Andererseits ist diese beglückende Wirkung aber
vielleicht doch ganz gut glaublich, denn ist dieser
unvermittelte Effekt mitten hinein in das
Emotionszentrum nicht das Wesen aller Kunst?
Natürlich nicht jede künstlerische Ausdrucksform bei
jedem Menschen, aber hat nicht jeder von uns
mindestens einen Punkt, wo ihn die Erzeugnisse
menschlicher Kreativität unmittelbar berühren? Das
mag bei der einen eine bestimmte Art von Skulpturen
sein, beim anderen Gemälde, beim dritten Musik, bei
der vierten Buch und Gedicht und bei wieder anderen
Schauspiel, Varieté, Artistik. Und viele von uns
erleben es gleich mehrfach und in verschiedenen
Genres ...
Im Falle der Musik scheinen aber besonders viele
Menschen ‚anfällig‘ für die Wirkungen der Kunst zu
sein. Lange nicht jeder malt oder fotografiert bzw.

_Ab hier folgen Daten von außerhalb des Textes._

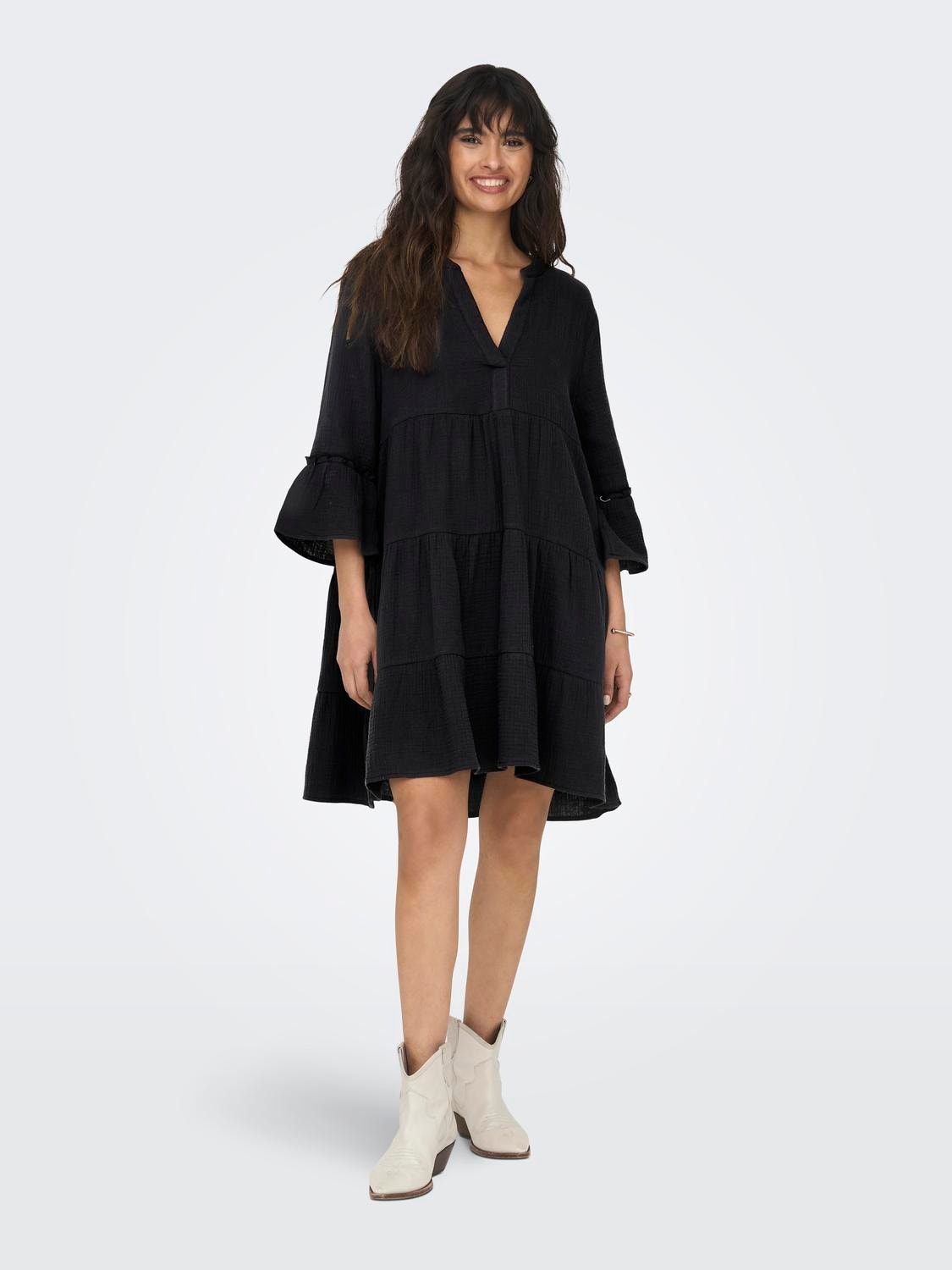 ONLY Mini Dress With Bell Sleeves -Phantom - 15267999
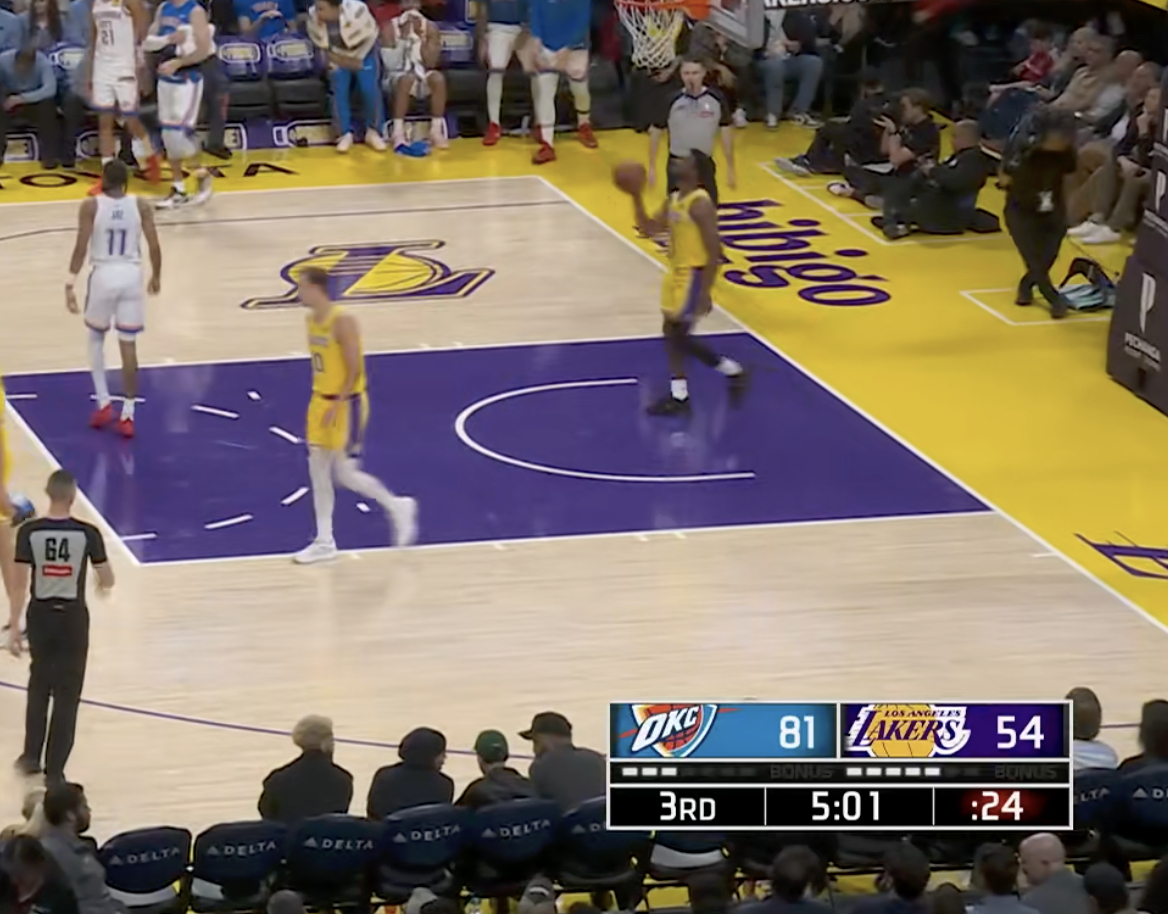 雷迪克暂停！落后27分！湖人4分钟没得分！！！雷霆打出11-0高潮雷霆vs湖人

sieht sie sich an. Viele lesen nicht. Aber richtige
Musikmuffel gibt es meines Eindrucks nach kaum. Musik
scheint universell zu berühren.
Die Wissenschaft untermauert das übrigens: Unter dem
Titel „Weltsprache Musik“ berichtet
wissenschaft.de, von der überkulturellen
Verständlichkeit von Musik: „Musik ist eine
Sprache, die anscheinend weltweit verstanden wird:
Selbst Angehörige von Naturvölkern, die nie zuvor
Kontakt mit westlicher Musik hatten, können die
emotionalen Anteile darin auf Anhieb
identifizieren.“
Hmm, was sagt uns das? Wohl zuerst, dass wir Menschen
eben doch alle gleich gestrickt sind, egal ob weiß,
gelb, schwarz, rot, Mann, Weib; zumindest in unseren
grundlegenden Anlagen. Denn ob es nun Hiphop oder
Klassik sind, Schlager oder Jazz, die einen berühren,
das ist egal. Rhythmus und Tonlagen kommen an, bei
dem einen dieser Rhythmus, bei dem anderen jener. Bei
mir war es gestern in ganz, ganz hohem Maße der Jazz
von Mr Jarreau ...
Was dabei berührt, sind
Schönheit und eine situationsbedingte Stimmigkeit,
die mit der jeweiligen Stimmung korrespondiert - oder
sie konterkariert -, die man gerade sucht oder zu
meiden versucht. Ästhetik und Emotion - die
Basisparameter der Musik wie der Kunst überhaupt.
Antrieb und Ausdruck der künstlerischen Kreativität.
Losgelöst von einem im Alltäglichen verhafteten,
konkreten „Wozu?“ oder „Um zu ...“ spricht die Kunst
die Seele unmittelbar an. Und erzeugt Glücksgefühle.
Macht glücklich, Heitert auf, Lindert Leid. (Dass sie
andererseits auch negativ verstärken können ist mir
bewusst, aber nicht das, was ich meine.) Und
Negatives ist schon gar nicht das, was der gestrige
Abend in mir ausgelöst hat.
Versuchen Sie es bei Gelegenheit mal mit einer
20-minütigen Interpretation von „Take Five“. Oder mit
einem Galerie- oder Museumsbesuch, gutem Kino, einer
Lesung, dem Zirkus. Nur denken Sie daran, sich
regelmäßig der Kunst auszusetzen! Oder Sie - noch
besser - selbst zu üben. Wir sind nicht nur hier, um
zu essen und zu arbeiten ...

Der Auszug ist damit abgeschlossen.